悪循環状態に陥っている原子力安全規制活動

 現場の状況に最も詳しい事業者との正常なコミュニケーションが取れないようでは、安全対策に関する十分条件を示すことはとうてい不可能である。また技術面での最新情報についても事業者やメーカーとの接触がなければ、アップデートすることはままならない。その結果、ある審査項目に関して事業者が提出してくるデータについてそれで十分かどうか自信を持って判断できないため、データの追加提出を命ずることになる。その際、どのようなデータがどの程度あれば判断できるようになるか自体を規制委員会自らがよく理解していないことが真の原因なのだが、事業者が不十分なデータを出したかのように主張され、事業者側が責を帰せられることになっている場合も多い。

 事業者としては、こうした規制委員会の対応を見ると、どの程度のデータがあればどの程度の判断を示してくれるのかについて疑心暗鬼となり、データや資料の提出が消極的となることが多い。また、後に掲げる事例のように、規制判断にブレがあったり、審査基準解釈に安定性が欠けていたりすれば、安全対策投資をどこまで行えばよいのか判断が困難になる結果コストの不確実性が生まれ、経営状態に大きなインパクトが生じる。
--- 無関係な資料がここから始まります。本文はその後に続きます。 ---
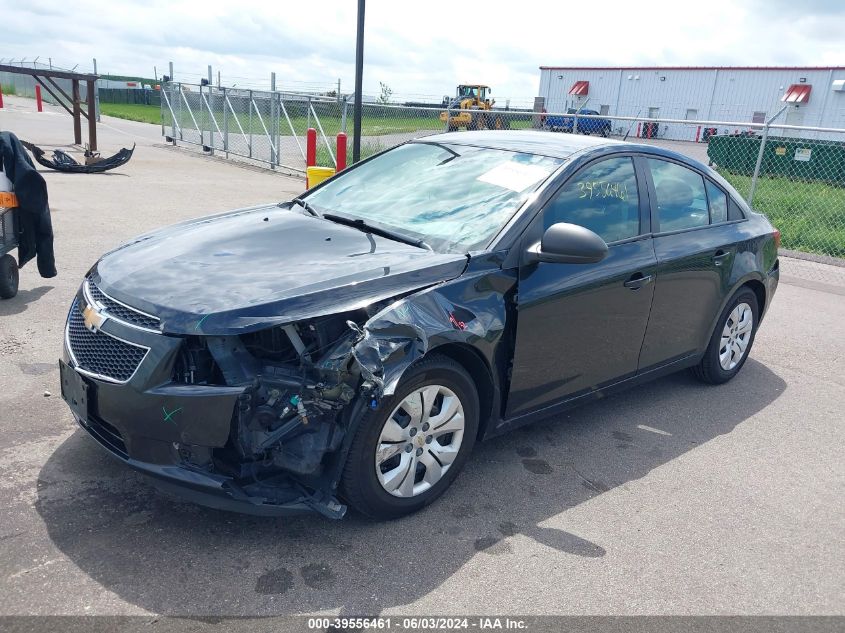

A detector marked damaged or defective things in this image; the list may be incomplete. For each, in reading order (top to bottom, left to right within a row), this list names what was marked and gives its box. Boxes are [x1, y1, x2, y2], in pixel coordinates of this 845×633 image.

cracked hood [92, 206, 468, 336]
damaged chevrolet cruze [61, 130, 780, 520]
一方、規制委員会は、それを事業者側の責任にし、そうしたいわゆる「小出しの対応」を批判し、審査が長期化しているのは自分たちのせいではないという組織防衛的な態度をとることになる。

 再稼働できなければ経営に重大な損害が発生する事業者としては、「経営問題には全く配慮する必要はなく、安全の確保だけが審査の目的だ」とする規制委員会には、最終的に従わざるをえない、つまり「恭順の意」を示すほかないという心理に陥り、規制委員会の審査を通ることのみが短期的な目的化してしまうのである。そうなると、いざ審査に合格すればそれで仕事は終わりだというマインドになりかねず、第一義的にサイトの安全性に責任をもち、自律的に不断の安全対策強化を追求するという本来の安全性向上の構造が崩れてしまいかねない懸念が生じている。

 規制委員会側も、規制委員会の役割は原発を「止める」ことにあるのではなく、「安全に動かす」ことにあるということを再認識しなければならない。国民の負担によって投資されてきた経済的資産を安全に有効活用するには、どのような規制基準を策定し、その基準を満たすための事業者の行動をどのように検認していけばよいのかを考えて組織運営することが本務であり、原発を止めるあるいは止めたままにすることについて、自分たちが「最後の砦」にならなければならないとの意識でいるのであれば、それは当該組織の任務についての根本的理解の欠如でしかない。

 現在の炉規制法は民主党政権時代に制定されたものであり、当時は再稼働を含めて将来原子力をどの程度維持して行くのかに関して、政府・与党内部でもコンセンサスが取れない状態の下で、安全規制の役割やあり方について十分な議論を経たものとは言いがたい。現政権の下でようやく「エネルギー基本計画」という閣議決定の中で再稼働方針を決め、さらに今後原子力をどの程度維持していくのかという定量的な議論がなされる見込みが確実になってきた現在、「安全に動かすこと」が炉規制法の法目的であることをより明確にしていく必要がある。

 これまで述べてきたことを整理すると、規制活動は図のような悪循環に陥っているといえよう。こうした悪循環や規制委員会と事業者との間の特別権力関係的な関係を断ち切って、規制委員会と事業者が正常なコミュニケーションを取り戻し、本来の安全規制のあり方に立ち戻って、関係者各々が安全性向上への取り組みに専心できる制度的環境を確立する必要がある。次回、そのための方策について検討してみたい。